Het konijn is een klein zoogdier dat tot de familie van de haasachtigen (Leporidae) behoort. Ze staan bekend om hun lange oren, die kunnen variëren van 7 tot 10 centimeter in lengte. Deze langgerekte oren helpen hen om efficiënt warmte af te voeren en dienen ook als een uitstekend zintuig voor het opsporen van naderende roofdieren.
Konijnen zijn herbivoren en hun dieet bestaat hoofdzakelijk uit bladeren, takken, gras en hooi. Ze hebben een uniek spijsverteringssysteem waarbij ze een deel van hun voedsel tweemaal verteren om zo alle nodige voedingsstoffen eruit te halen.

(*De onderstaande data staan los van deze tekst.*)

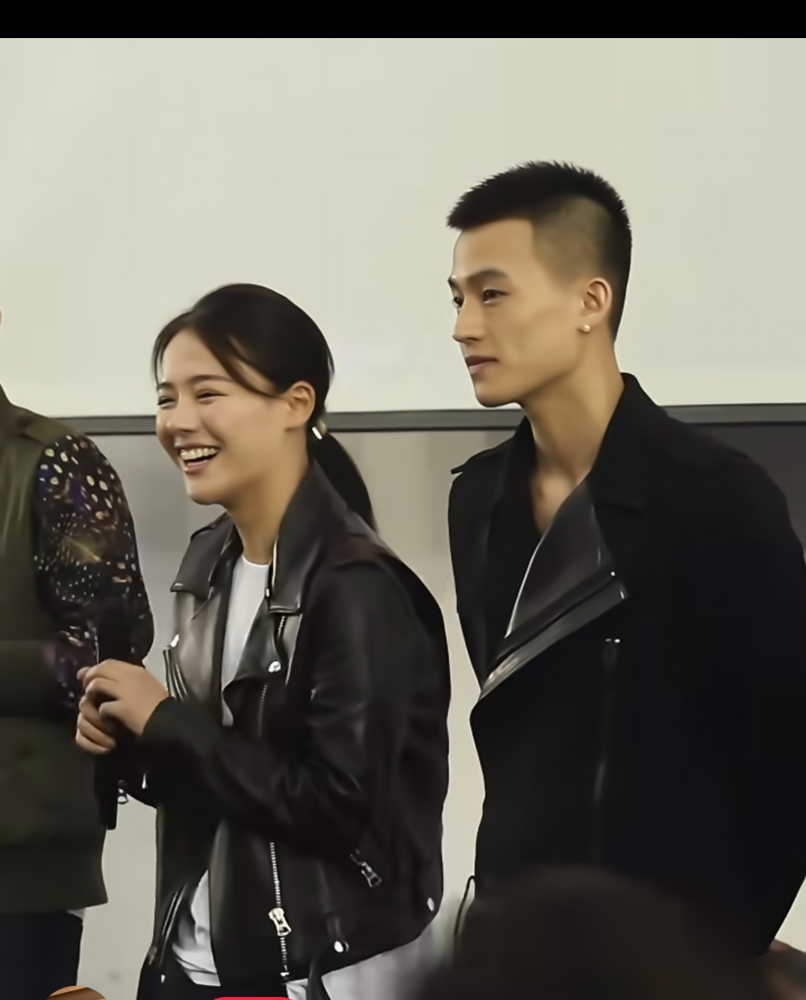 原来马思纯无可救药爱上欧豪，根本不是一时糊涂！
最近网友扒出真相，说欧豪是少有的正牌硬汉骨相，当年分手不是不爱，是欧豪不想被骂高攀吃软饭。
分开快八年，两个人各自跑得漂亮。马思纯时隔四年重回大银幕，敢硬刚白瘦幼审美，状态越来越松弛自在。欧豪连续三部作品霸屏央视黄金档，新剧哭戏直接刷屏热搜。
最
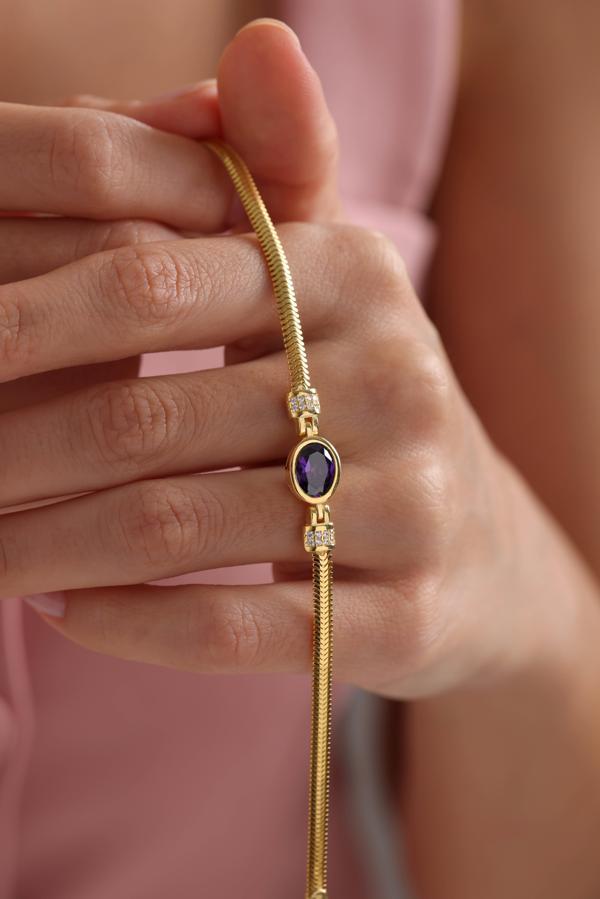 925 Ayar Gümüş Balık Sırtı Model Zincirli Gold Oval Mor Taşlı Bileklik  - Image 1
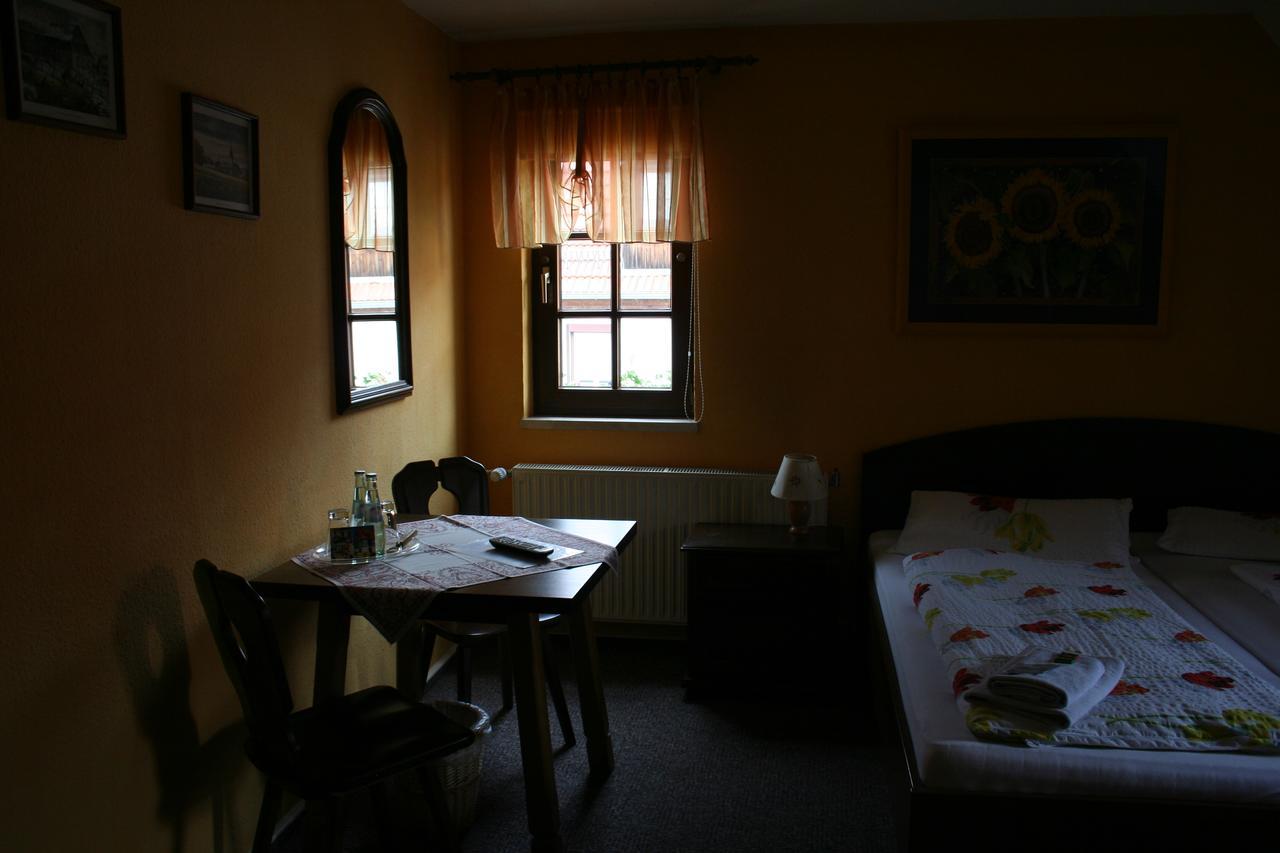 Gasthaus & Hotel Zur Linde Hermsdorf  Room photo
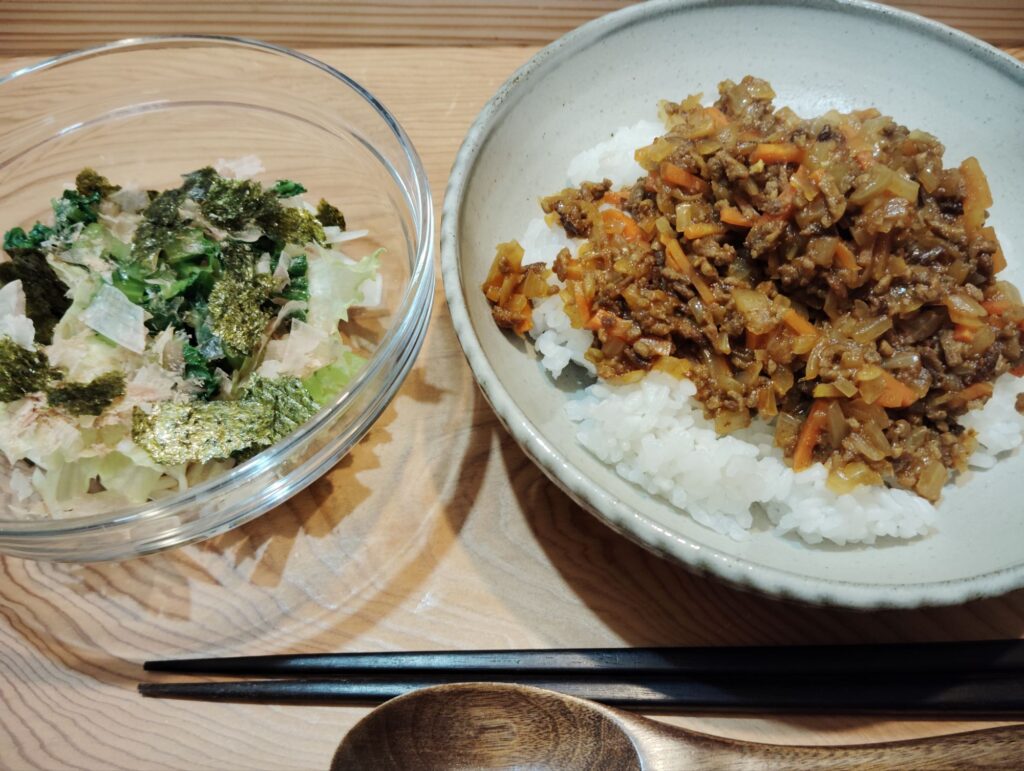 ドライカレー。大根サラダ。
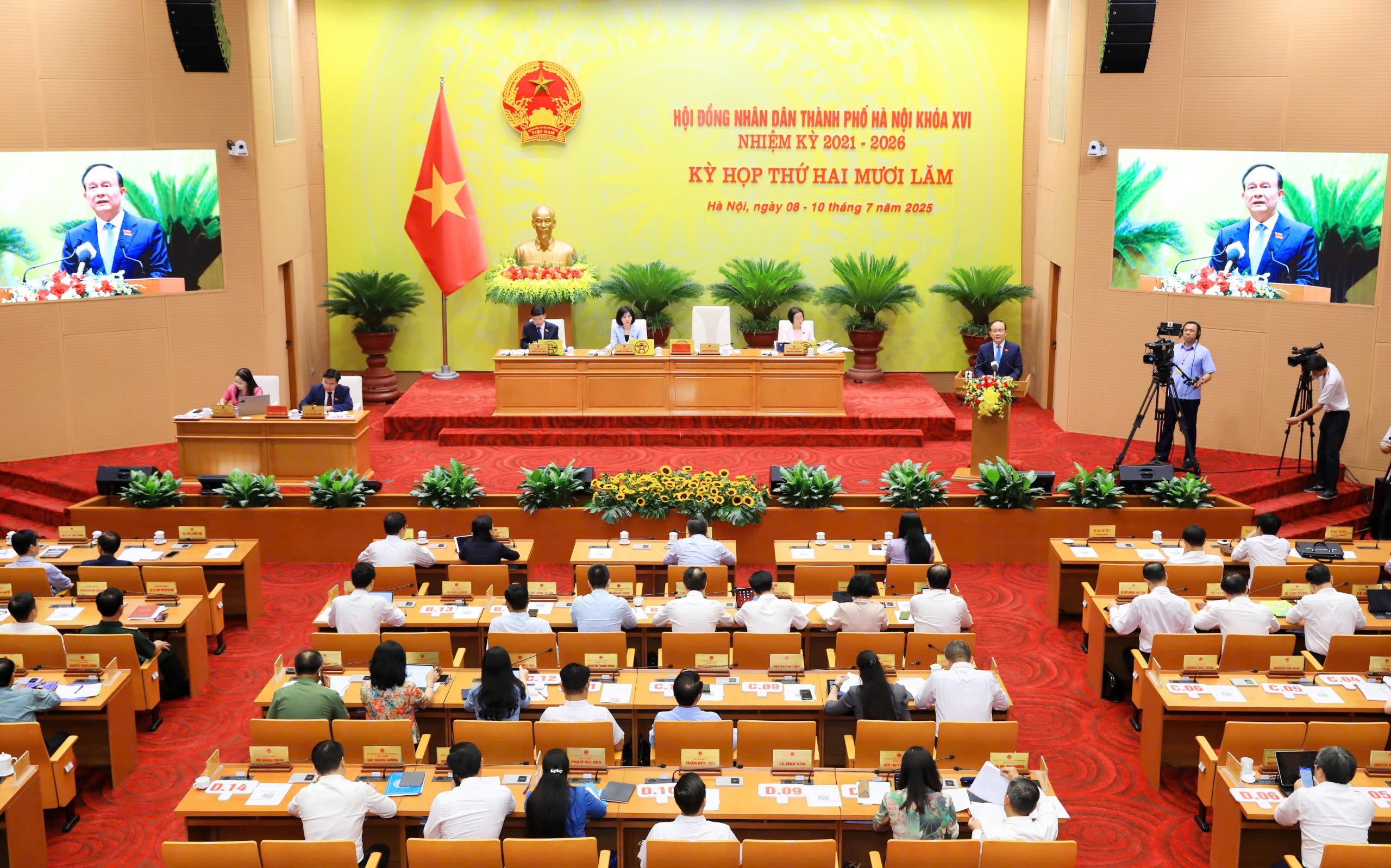 Hà Nội chốt hỗ trợ bữa ăn trưa cho học sinh, sẽ xây thêm nhiều cây cầu - 1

Ze leven meestal in groepen en zijn zeer sociale dieren. In het wild graven ze complexe tunnelsystemen, ook wel 'konijnenholen' of 'konijnenburchten' genoemd, voor bescherming tegen roofdieren en voor het paren van hun jongen.
Konijnen staan bekend om hun snelle voortplanting. Een vrouwtjeskonijn (ook wel een 'voedster' genoemd) heeft een draagtijd van ongeveer 28 tot 31 dagen en kan per worp tussen de één en twaalf jongen krijgen. Deze jonge konijnen worden 'lamprei' genoemd.
Konijnen leven over de hele wereld verspreid, met uitzondering van Antarctica. Ze worden vaak gehouden als huisdier en worden ook gebruikt in laboratoriumtests. Het wilde konijn is de oorspronkelijke soort waaruit alle tamme konijnenrassen zijn ontstaan.